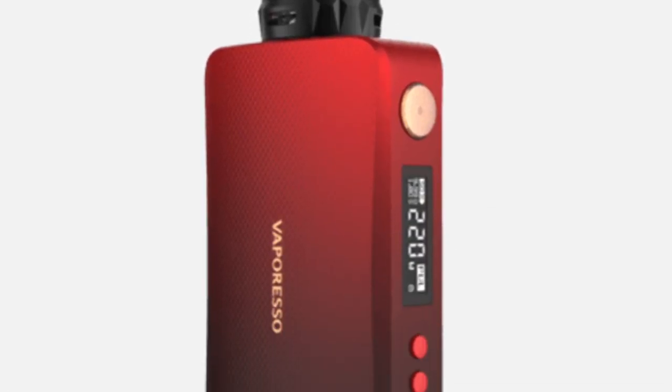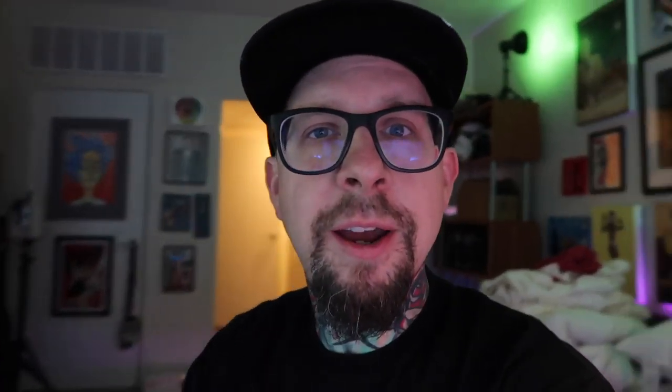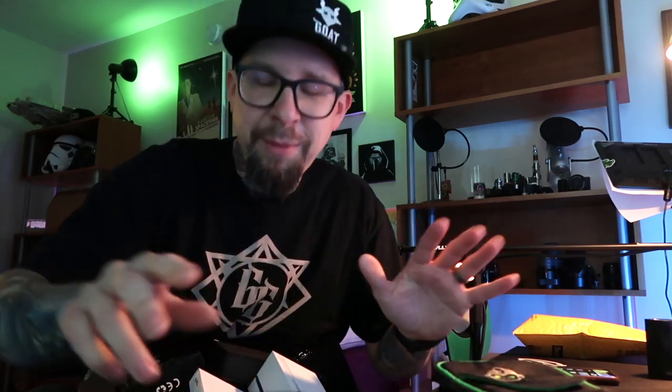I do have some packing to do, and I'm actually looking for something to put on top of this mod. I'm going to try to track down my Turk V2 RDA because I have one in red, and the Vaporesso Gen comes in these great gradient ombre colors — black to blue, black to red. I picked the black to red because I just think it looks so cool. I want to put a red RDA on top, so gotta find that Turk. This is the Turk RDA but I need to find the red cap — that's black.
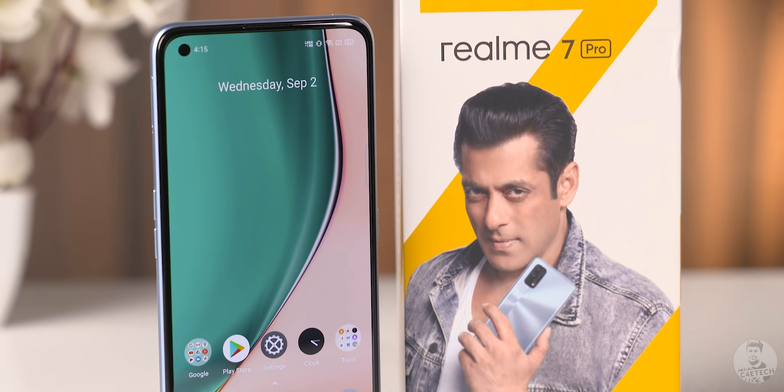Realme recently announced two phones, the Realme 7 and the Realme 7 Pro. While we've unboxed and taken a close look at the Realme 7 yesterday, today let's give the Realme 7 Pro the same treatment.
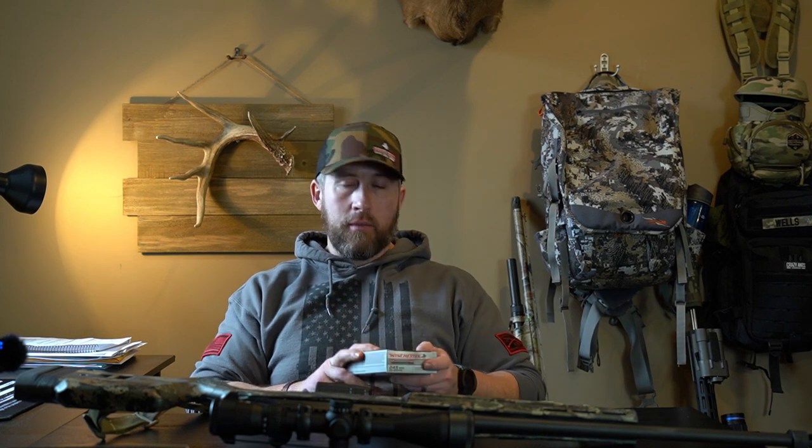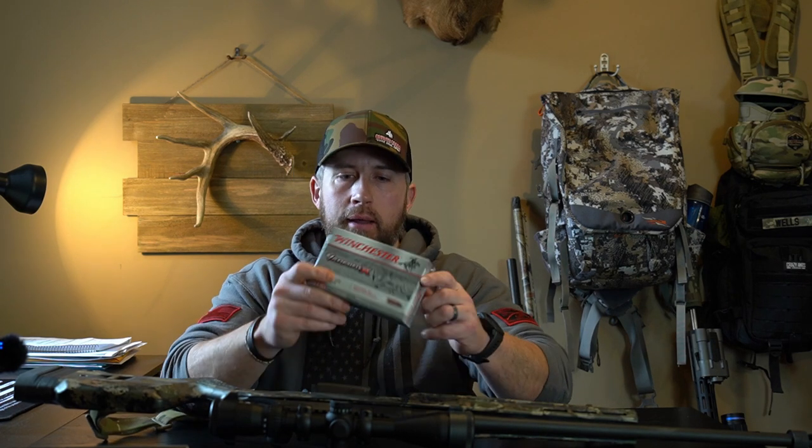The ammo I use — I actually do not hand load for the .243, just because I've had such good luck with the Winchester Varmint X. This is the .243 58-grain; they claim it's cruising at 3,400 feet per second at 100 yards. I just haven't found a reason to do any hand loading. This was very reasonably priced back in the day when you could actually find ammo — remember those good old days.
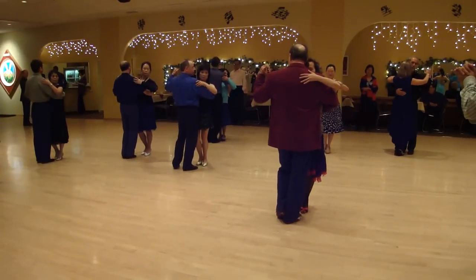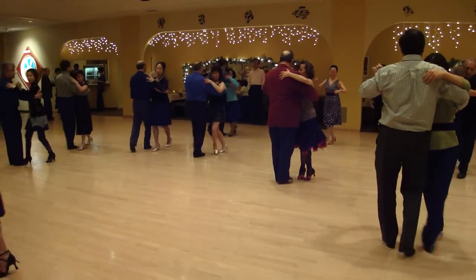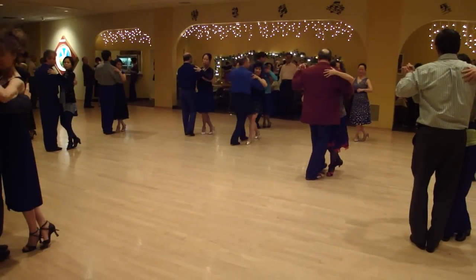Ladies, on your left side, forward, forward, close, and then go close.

• • • •

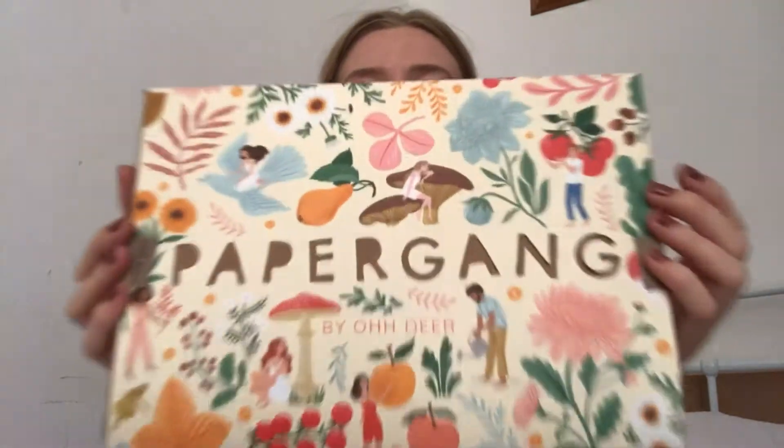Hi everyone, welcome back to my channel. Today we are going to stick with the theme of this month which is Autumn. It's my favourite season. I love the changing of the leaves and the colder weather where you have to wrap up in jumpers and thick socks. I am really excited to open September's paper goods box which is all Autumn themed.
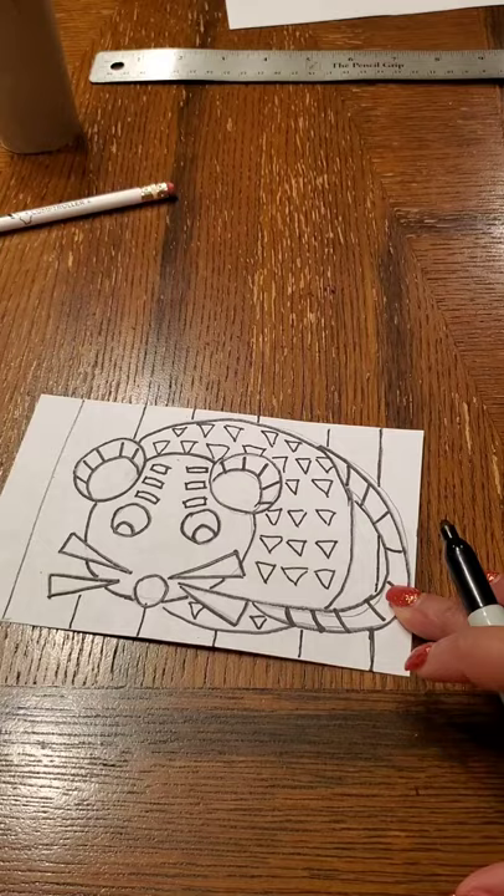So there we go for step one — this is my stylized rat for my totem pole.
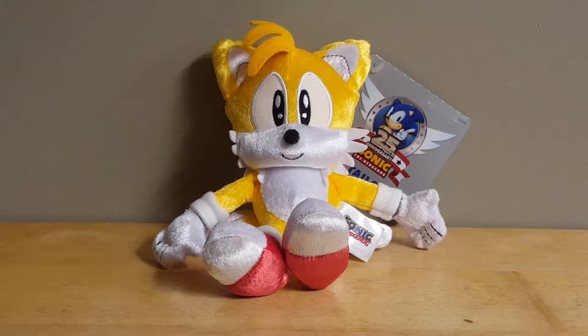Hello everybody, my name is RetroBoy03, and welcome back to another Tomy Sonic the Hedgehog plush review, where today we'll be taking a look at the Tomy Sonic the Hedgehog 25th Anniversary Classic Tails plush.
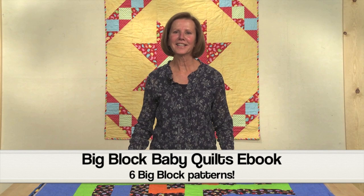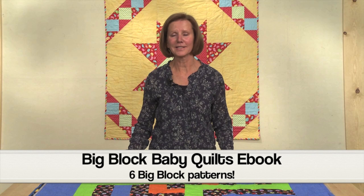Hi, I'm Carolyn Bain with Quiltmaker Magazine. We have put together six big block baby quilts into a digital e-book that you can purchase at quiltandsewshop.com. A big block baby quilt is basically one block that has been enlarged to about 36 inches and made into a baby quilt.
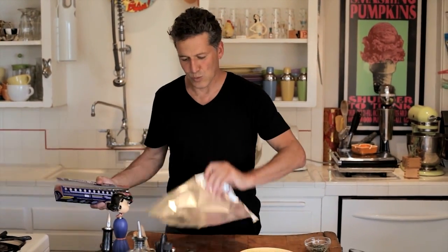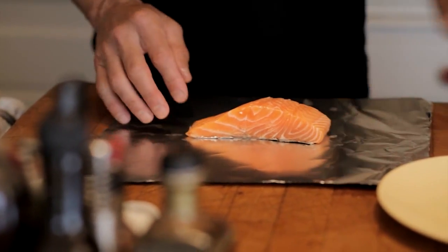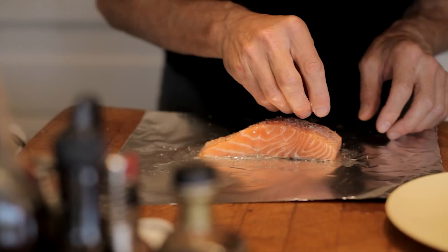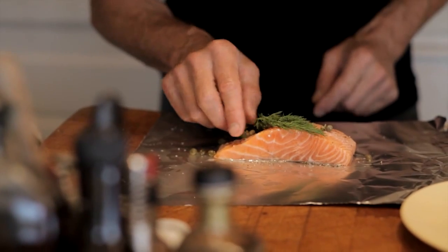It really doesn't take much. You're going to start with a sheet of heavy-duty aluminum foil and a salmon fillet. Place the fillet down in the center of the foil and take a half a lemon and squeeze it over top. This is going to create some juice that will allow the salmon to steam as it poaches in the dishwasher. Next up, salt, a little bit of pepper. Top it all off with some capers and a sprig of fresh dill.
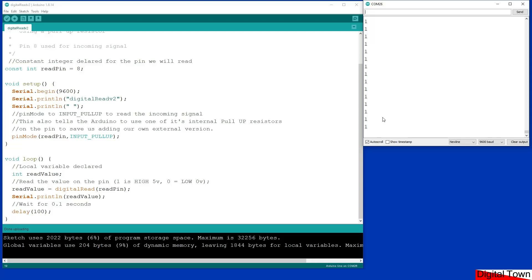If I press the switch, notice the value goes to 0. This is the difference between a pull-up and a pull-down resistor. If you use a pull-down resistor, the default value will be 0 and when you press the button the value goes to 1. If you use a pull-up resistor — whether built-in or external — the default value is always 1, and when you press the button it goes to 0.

• • • •

**Task instructions:** Please print the lines above word for word, starting at the one with "I do have some" and ending at the one with "Realme recently announced", both included, and without any picture.

**Response box:**
I do have some packing to do, and I'm actually looking for something to put on top of this mod. I'm going to try to track down my Turk V2 RDA because I have one in red, and the Vaporesso Gen comes in these great gradient ombre colors — black to blue, black to red. I picked the black to red because I just think it looks so cool. I want to put a red RDA on top, so gotta find that Turk. This is the Turk RDA but I need to find the red cap — that's black.
Realme recently announced two phones, the Realme 7 and the Realme 7 Pro. While we've unboxed and taken a close look at the Realme 7 yesterday, today let's give the Realme 7 Pro the same treatment.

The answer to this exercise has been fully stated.